# What you have to do
Your output must be the lines below from the line containing "Yolda Giden Kamyonette" to the line containing "Headrush L sweatpants 😲", both lines included, reproduced exactly and without pictures.

[Saved entries]
• • • •
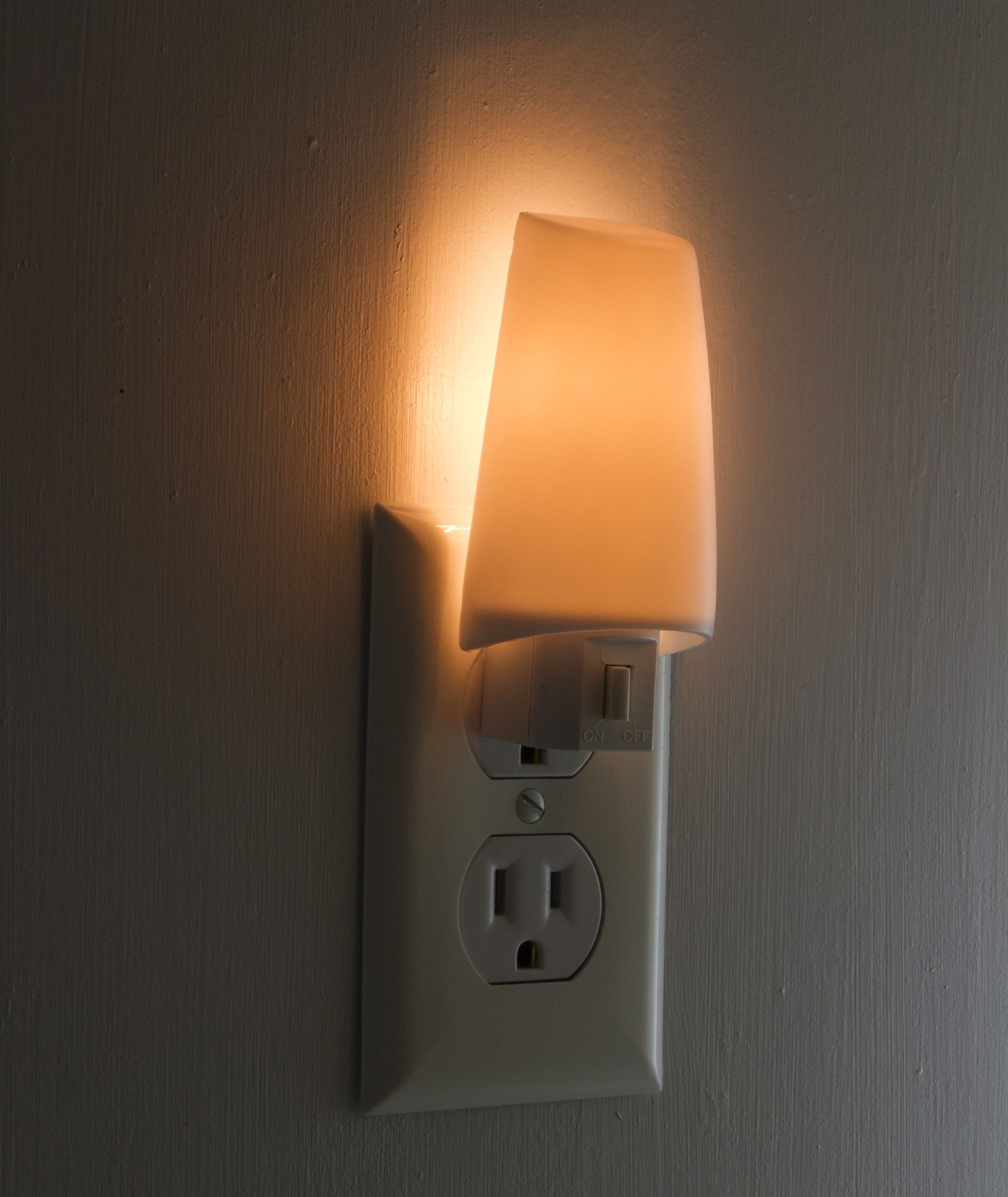 Lights By Night Manual On/Off Night Light, Incandescent, PlugIn, Soft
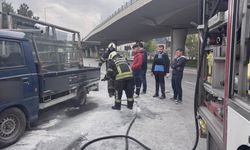 Yolda Giden Kamyonette Korkutan Anlar! Lastiği Bir Anda Yandı
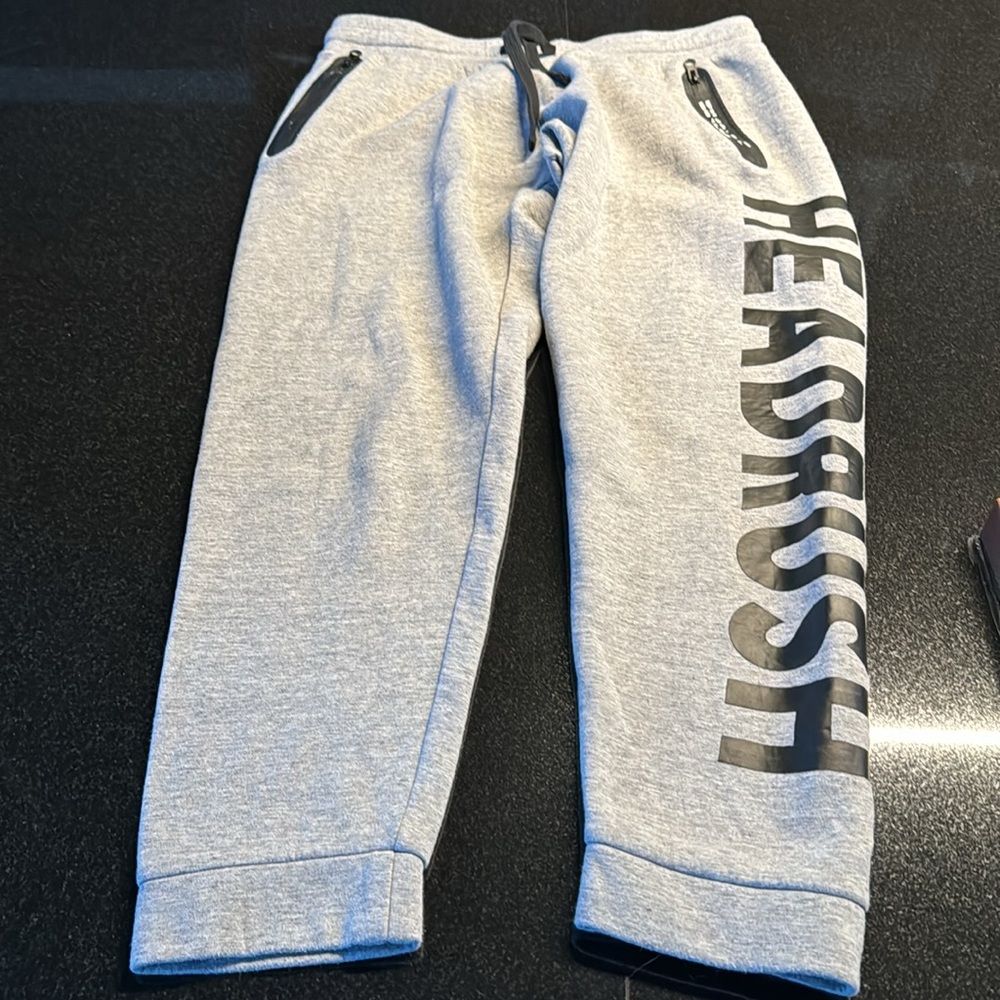 Headrush L sweatpants 😲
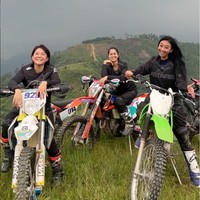 Melihat pemandangan alam yang begitu indah dari atas bukit, perjalanan Asri, Prisia, dan Poppy melewati medan ekstrem pun seolah terbayarkan. Begini penampilan ketiiganya sambil bersantai di atas motor. Foto: Instagram/@popsovia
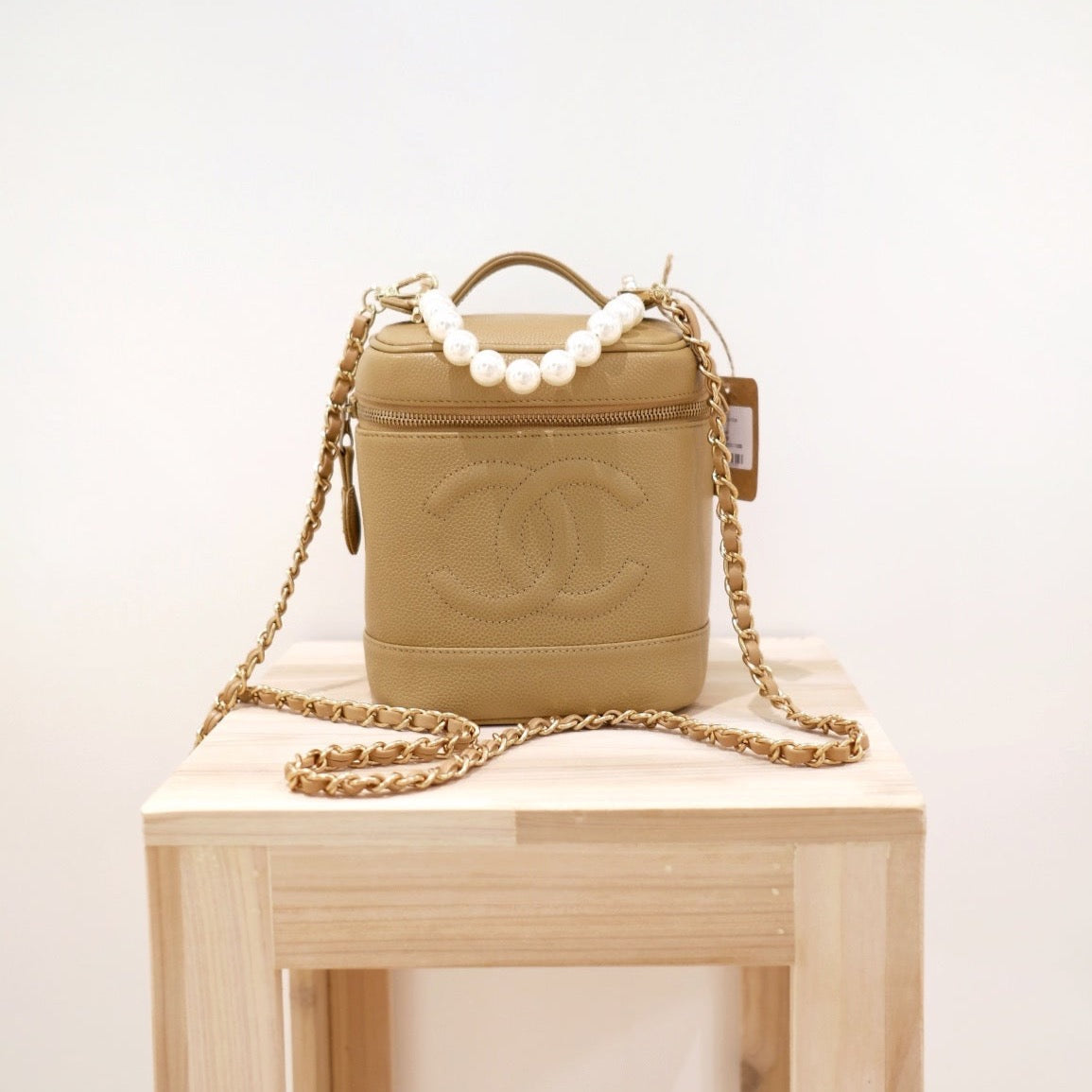Chanel beige coco caviar wash bag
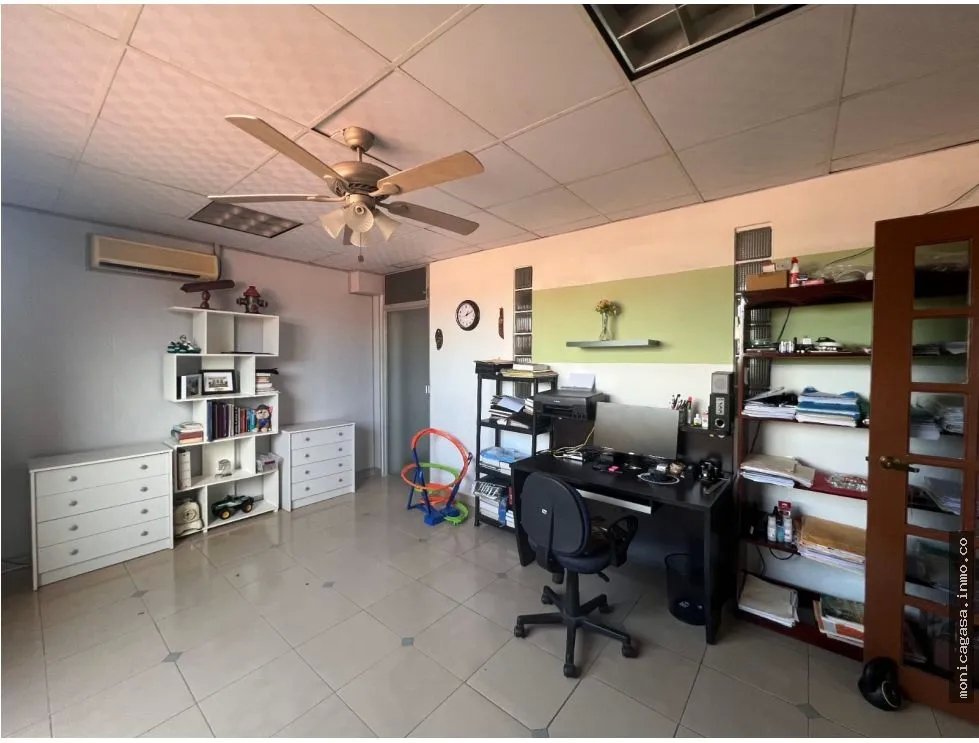 House for Sale in Residential Urbanization Las Lomas, Villa Lucre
• • • •
# Answer to this exercise
 Yolda Giden Kamyonette Korkutan Anlar! Lastiği Bir Anda Yandı
 Headrush L sweatpants 😲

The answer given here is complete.